All further statutory references are to the Penal Code unless otherwise noted.
On appeal, minor argues insufficient evidence supports the true findings with respect to counts 1 and 2. We disagree and affirm both true findings.
I
FACTUAL BACKGROUND
A. Count 1, Arson of a Structure: The School Building Fire
On the afternoon of December 19, 2014, an officer of the Barstow Police Department received a call regarding a fire at the abandoned Barstow Intermediate School. The origin of the fire was traced to the inside of classroom No. 7, where trash, filing cabinets, and desks had been piled up. A basketball court was also on the school property, separated from classroom No. 7 by various buildings. In his testimony, the officer described how he spoke to a teenage boy who was a witness to some of the events surrounding the fire. The witness was hearing impaired, but he appeared to understand everything the officer said to him. The officer testified that the witness reported he saw smoke and four young men running on the rooftop of the school building. One of those young men was white, wearing a red T-shirt and blue jeans, about six feet tall, and thin. The witness thought he could identify that young man if the witness were to see him again.

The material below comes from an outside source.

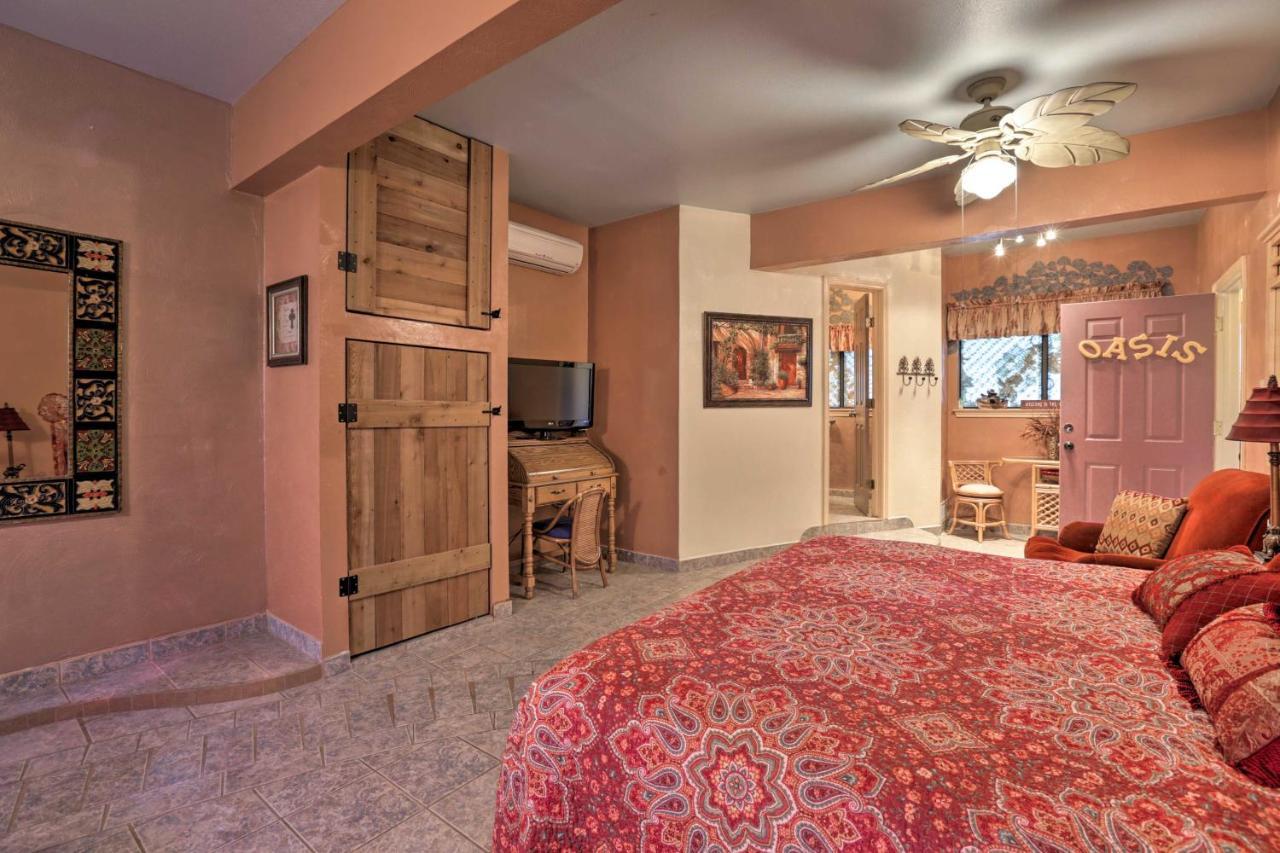 Exotic Home With Patio And Grill Walk To Canyon Lake! Exteriér fotografie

B. Count 2, Arson of Property: The Parking Lot Asphalt Fire
On the following afternoon, December 20, 2014, the same officer received a call about two men lighting a fire in the parking lot of a Barstow restaurant. The caller was an employee of the restaurant who described one of the men as wearing a red shirt and blue jeans. At trial, the employee identified the man as minor. According to the employee, minor poured a puddle of gasoline on the asphalt of the restaurant's parking lot and lit a fire on it. The employee estimated the fire to be one foot wide and about one to two feet high. The fire left what was described as a "discoloration" or "burn mark" on the asphalt of the restaurant's parking lot, and the area did not have to be repaired. Photographs of the asphalt were introduced into evidence.

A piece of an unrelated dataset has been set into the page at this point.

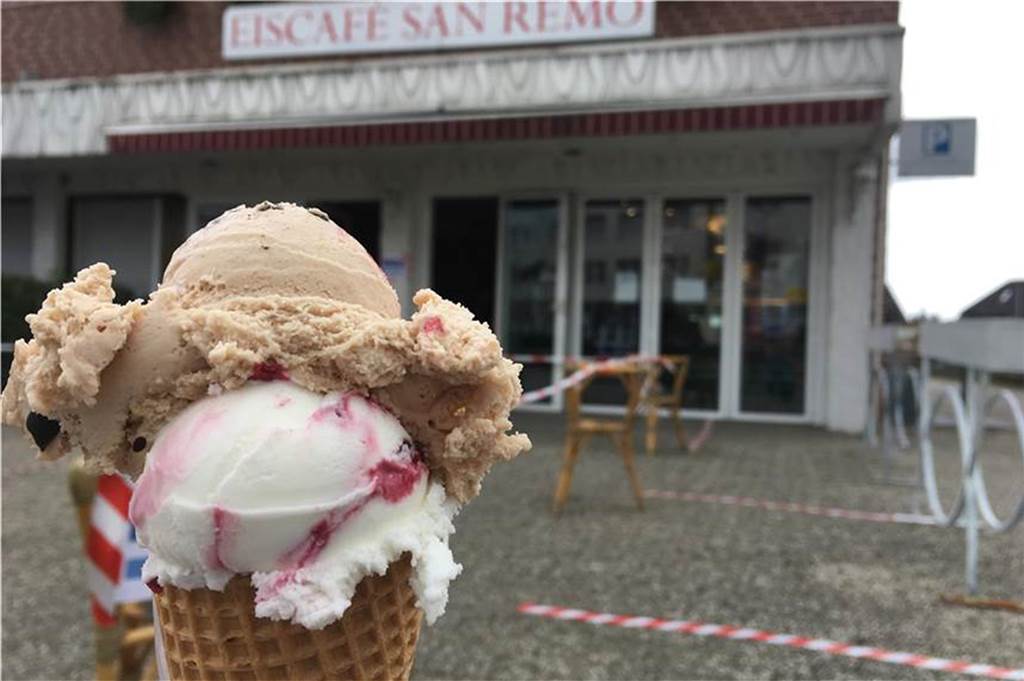 Zu sehen ist eine Kinderhand, die ein Waffeleis hält.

The officer saw minor, who matched the employee's description, and took him to the police station. The officer retrieved the young hearing-impaired witness with whom he had spoken the day before about the school building fire. The officer admonished the witness that the witness was under no legal obligation to identify anyone, and that he should not identify anyone if uncertain. The officer then asked the witness whether minor was one of the individuals he had seen the day before leaving the scene of the fire at the school building. The witness positively identified minor and said he had seen minor running away from the school building. The officer asked the witness the same question "several times" to be sure of the identification, and the witness replied, "yes," each time.

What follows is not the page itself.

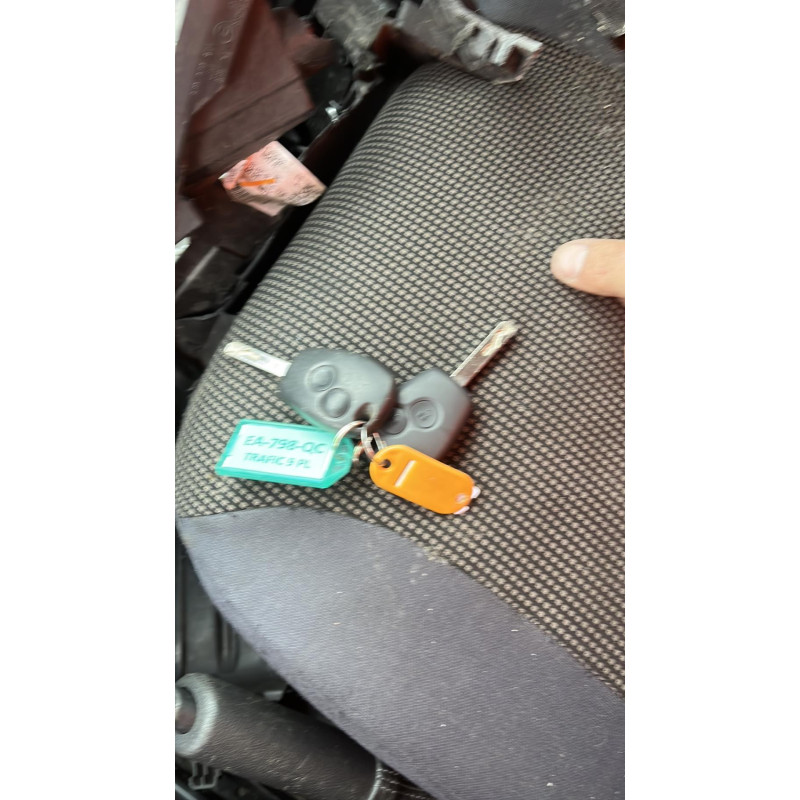Etrier avant droit (freinage) RENAULT TRAFIC 3 Photo n°9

At trial, the witness failed to identify minor in court. The witness stated he identified minor at the police station because one of the people he saw running from the school was wearing a red shirt, and minor also was wearing a red shirt. The juvenile court expressed concern with the clarity of the witness' testimony, and considered the testimony insofar as it corroborated some details in the minor's statements to police, described post.
C. Minor's Interview With Police
Minor was questioned at the police station, first by the officer, and then later by a detective. The officer first spoke to minor about the asphalt fire at the restaurant. After telling more than one version of events, minor told the officer that he lit the gasoline puddle with a cigarette lighter because he liked fire and wanted to watch the gasoline burn. The officer then asked minor about the school building fire the day before. Minor told the officer that he did not know anything about that particular fire and that he had not been present at the school. After further questioning, minor stated that he was walking through the school building property when he saw flames, smoke, and "three kids" running from the school. Minor also ran away because he did not want to get into trouble.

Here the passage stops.